* _Task to complete_: Only the pictures are to be dropped; the rest of the data below is to be duplicated exactly.

* _Raw data_:
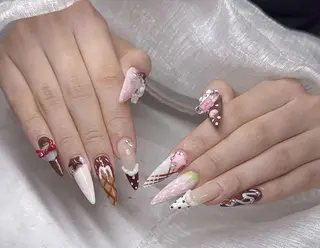 ネイル Lee Nailsのネイルデザイン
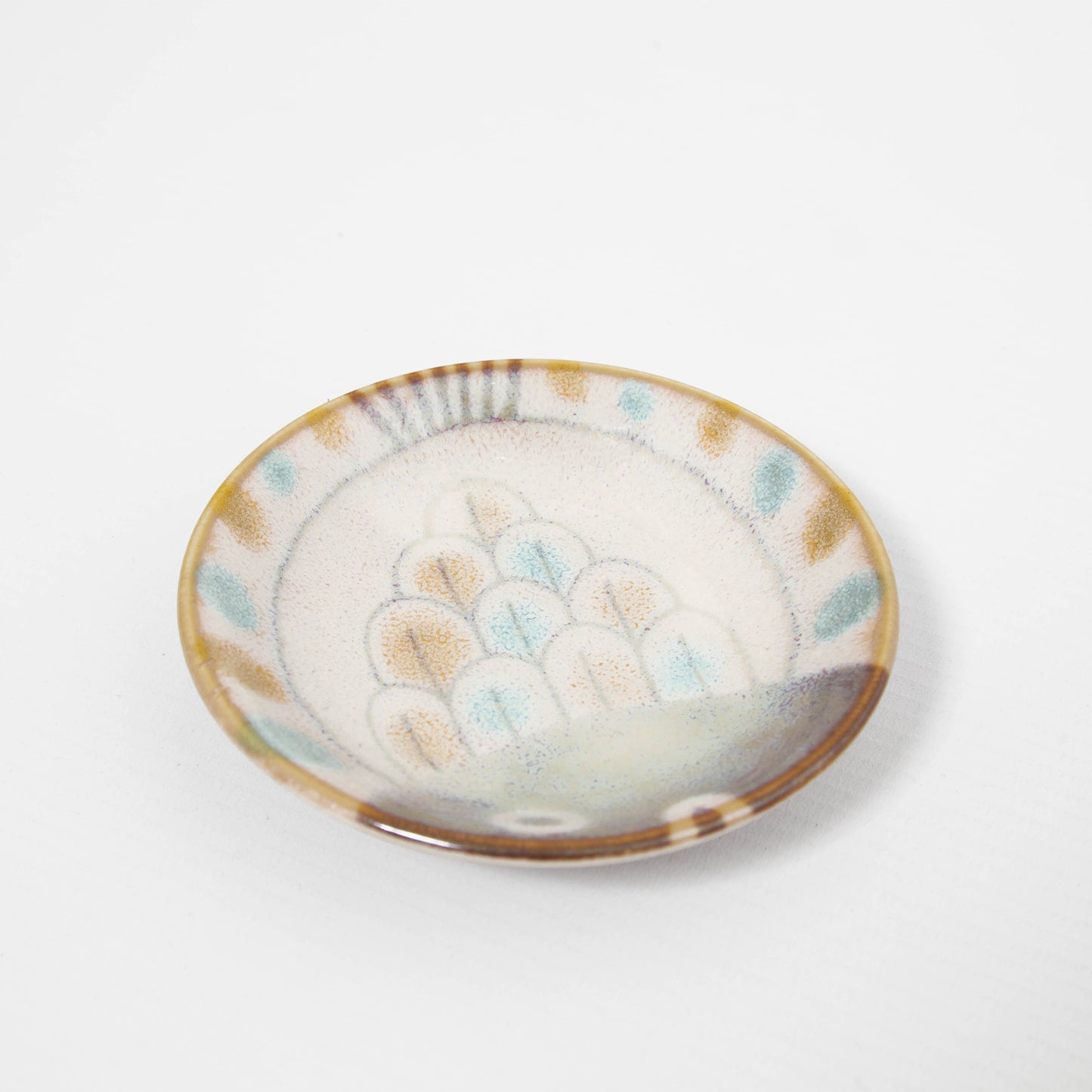 Small Plate Brush Colour Fish 9cm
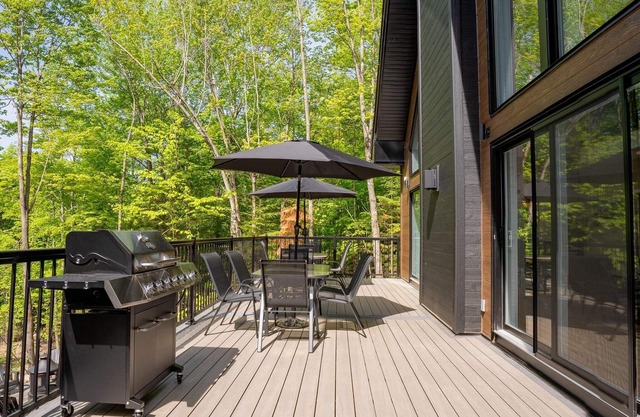 Private Hot Tub | Hiking | Skiing | Le Silverson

* _Task solution_:
 ネイル Lee Nailsのネイルデザイン
 Small Plate Brush Colour Fish 9cm
 Private Hot Tub | Hiking | Skiing | Le Silverson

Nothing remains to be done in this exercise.